MHB Solve Simultaneous Equations: No/1/Inf Solns?

[Guest2]

$x+2y-z=2 \\
x-y+z =5 \\
3x+3y-z=\mu$

The question is for what value of the parameter has the equation (a) no solutions, (b) one solution, and (c) infinitely many solutions.

The trouble when I solve this system using guassian elimination I get $

(x, y, z) = ( -19-\frac{1}{2}\mu, 7, -7-\frac{1}{2}\mu)$

 

[Prove It]

$x+2y-z=2 \\
x-y+z =5 \\
3x+3y-z=\mu$

The question is for what value of the parameter has the equation (a) no solutions, (b) one solution, and (c) infinitely many solutions.

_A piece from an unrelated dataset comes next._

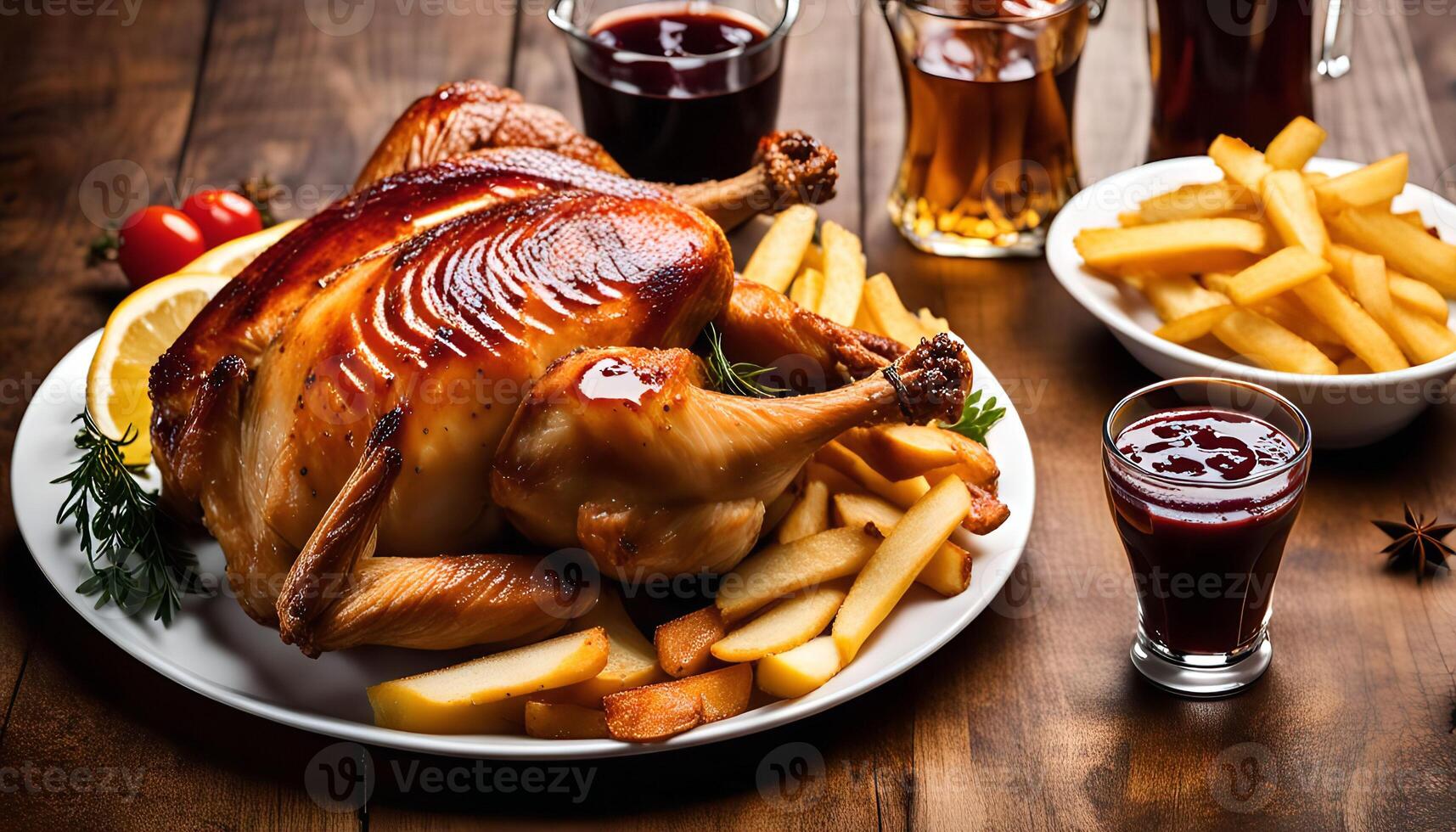 Roasted Chicken with Fries and Sauce photo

The trouble when I solve this system using guassian elimination I get $

(x, y, z) = ( -19-\frac{1}{2}\mu, 7, -7-\frac{1}{2}\mu)$

Write the system in matrix form as

$\displaystyle \begin{align*} \left[ \begin{matrix} 1 & \phantom{-}2 & -1 \\ 1 & -1 & \phantom{-}1 \\ 3 & \phantom{-}3 & -1 \end{matrix} \right] \left[ \begin{matrix} x \\ y \\ z \end{matrix} \right] = \left[ \begin{matrix} 2 \\ 5 \\ \mu \end{matrix} \right] \end{align*}$

The system will have unique solution if $\displaystyle \begin{align*} \left| \begin{matrix} 1 & \phantom{-}2 & -1 \\ 1 & -1 & \phantom{-}1 \\ 3 & \phantom{-}3 & -1 \end{matrix} \right| \neq 0 \end{align*}$ and either no solution or infinite solutions if $\displaystyle \begin{align*} \left| \begin{matrix} 1 & \phantom{-}2 & -1 \\ 1 & -1 & \phantom{-}1 \\ 3 & \phantom{-}3 & -1 \end{matrix}\right| = 0 \end{align*}$.

 

[Guest2]

But those determinants won't give me a condition on $\mu$.

Is there a way to read this off from the reduced row echelon form?

 

[topsquark]

But those determinants won't give me a condition on $\mu$.

Is there a way to read this off from the reduced row echelon form?

As the question is stated there is no condition on [math]\mu[/math].

-Dan

 

[Guest2]

As the question is stated there is no condition on [math]\mu[/math].

-Dan

I found that $\mu = 9$ - and wolfram says that's the only value for which the system has solution.

 

[topsquark]

I found that $\mu = 9$ - and wolfram says that's the only value for which the system has solution.

(Doh) That just shows that thinking the problem backward (as I did) is no substitute for thinking of it by simply solving the problem.

My apologies and thanks for the catch.

-Dan

 

[Guest2]

I reduced the matrix to row reduced echelon form

$A =\begin{pmatrix} 1& 0& 1/3& 0\\ 0 &1 &-2/3 &0\\ 0& 0& 0& 1\end{pmatrix}$

 

[Guest2]

If I compute the determinant I get det(A) = 0.

Could someone please explain what the answer to the problem is.